> [ASSIGNMENT]
Output the data verbatim, minus the images.

> [SOURCE MATERIAL]
[Start of section]
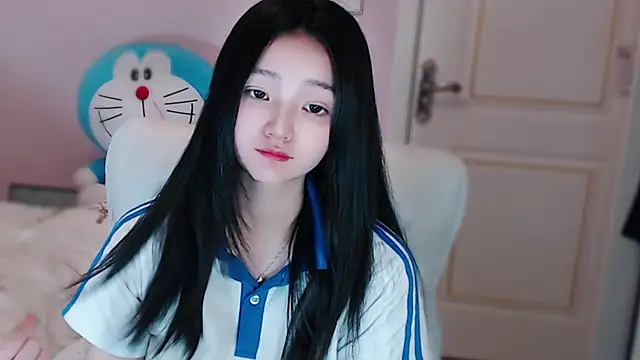 xiao-xiao-D online show from March 6, 2025, 3:35 pm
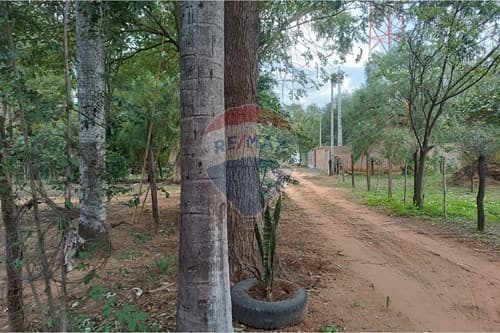 Casa con terreno en Ypane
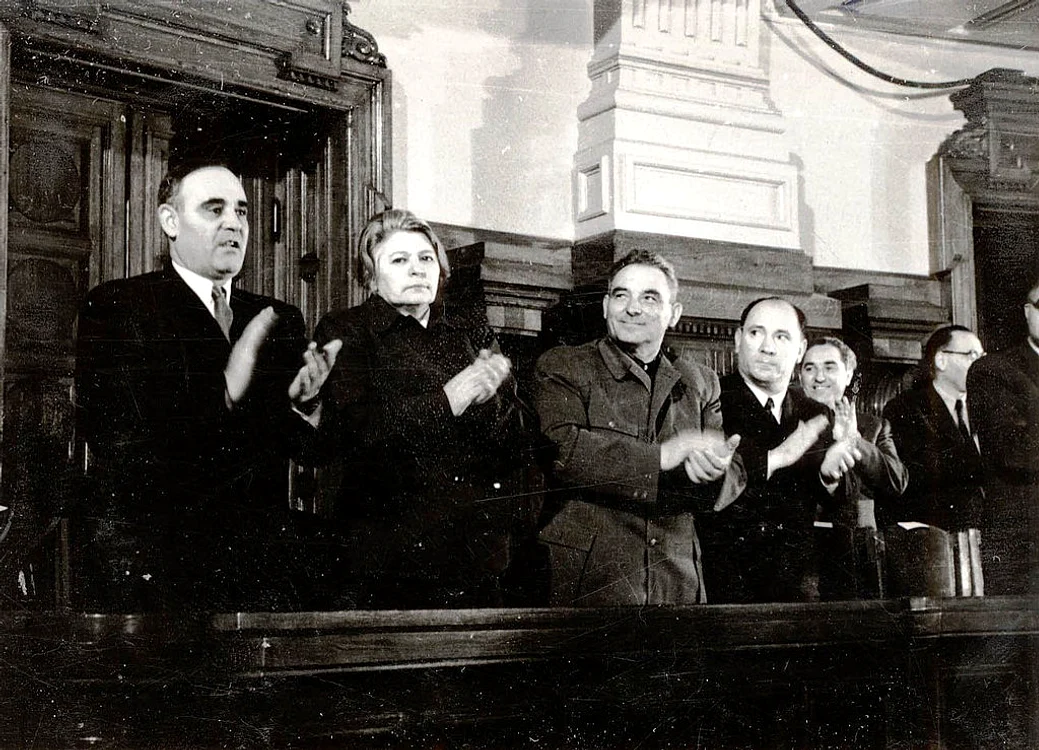 
    De la stânga la dreapta: Gheorghe Gheorghiu-Dej, Ana Pauker, Vasile Luca și Teohari Georgescu, „careul de ași” al puterii din primii ani ai regimului comunistFoto: Fototeca online a comunismului românesc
[End of section]
> [SOLUTION TO THE EXERCISE]
 xiao-xiao-D online show from March 6, 2025, 3:35 pm
 Casa con terreno en Ypane
    De la stânga la dreapta: Gheorghe Gheorghiu-Dej, Ana Pauker, Vasile Luca și Teohari Georgescu, „careul de ași” al puterii din primii ani ai regimului comunistFoto: Fototeca online a comunismului românesc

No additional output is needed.